Aujourd’hui, à travers cet acte purement politique, Macky Sall va inéluctablement vers une logique de légitimation de son fauteuil hérité d’Abdoulaye Wade, dans un contexte politique particulier de son élection en 2012, avec une coalition hétéroclite et un parti désorganisé, voire même déstructuré. Macky Sall est dans l’optique d’imposer son autorité politique après les échéances électorales du 24 février dernier comme Senghor en 1963, et comme Abdou Diouf en 1983. Sa déclaration juste après les résultats prouve aisément que Macky Sall a toujours un souci de légitimité : «Il me fallait démontrer que je ne suis pas un président par défaut.»

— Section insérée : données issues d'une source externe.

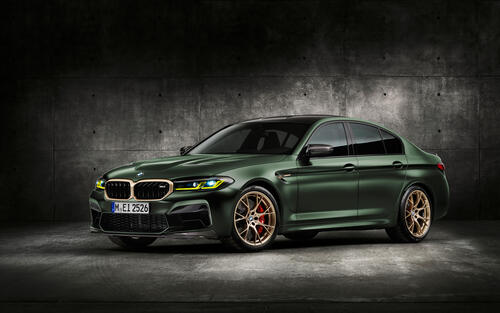 A green BMW M5 on gold rims.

Par ailleurs, il anticipe sur la préparation de son successeur ou la possibilité de rebattre campagne en 2024 sans l’obstacle d’une contestation interne, et ceci passera par une «desapérisation» des membres fondateurs et barons de son parti l’Apr, qui commence par la suppression du poste de Premier ministre comme toujours.

 

Les effets économiques négatifs d’une macrocéphalie présidentielle

Le constat d’un désastre économique suite à l’absence d’un Premier ministre prouve aussi que c’est l’effet inverse qui souvent se produit, avec de mauvais résultats économiques et des crises sociales très aigües au bout de cinq années. Entre 1963 et 1968, le gouvernement de Senghor était confronté à une médiocrité de la performance économique à la détérioration de la production agricole, la diminution du pouvoir d’achat des ruraux, l’inflation des prix des denrées et enfin des mouvements sociaux de grande ampleur dans les centres urbains ayant entrainer des émeutes faisant vaciller le régime en mai 1968 qui décrétera l’état d’urgence contre les barricades, les jets de pierres et les cocktails Molotov. Quatre à 5 000 personnes participèrent aux émeutes.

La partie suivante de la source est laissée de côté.